━━━━━ Available data
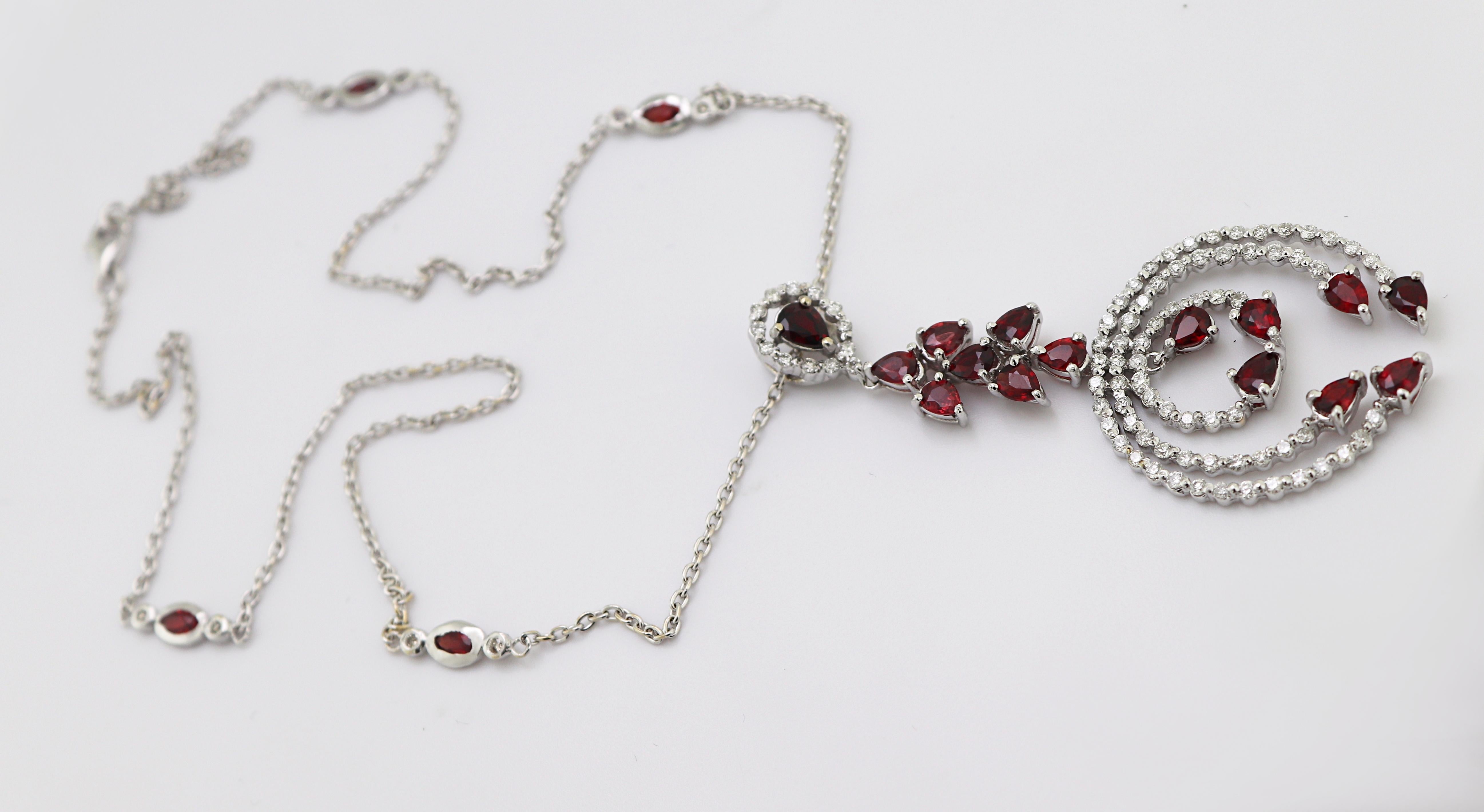 Mixed Cut Ruby, Diamond, White Gold Necklace For Sale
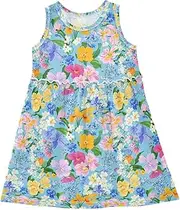 [Caihoyu] Toddler Girl Summer Tank Dresses Kid Swing Casual Midi Dress Comfy Outfits, Multicolor03, 6 Years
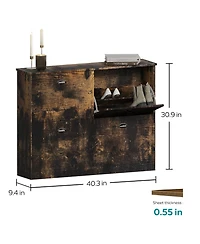 Streamdale Furniture Slim 4-Drawer Shoe Cabinet - Wood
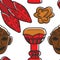 Tunisian symbols seamless pattern ethnic attributes and culture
━━━━━━━━━━
What the task asks –
Everything from the line that contains "Streamdale Furniture Slim" to the final line of the data is to be duplicated exactly, both ends included, except the pictures.

Exercise answer –
 Streamdale Furniture Slim 4-Drawer Shoe Cabinet - Wood
 Tunisian symbols seamless pattern ethnic attributes and culture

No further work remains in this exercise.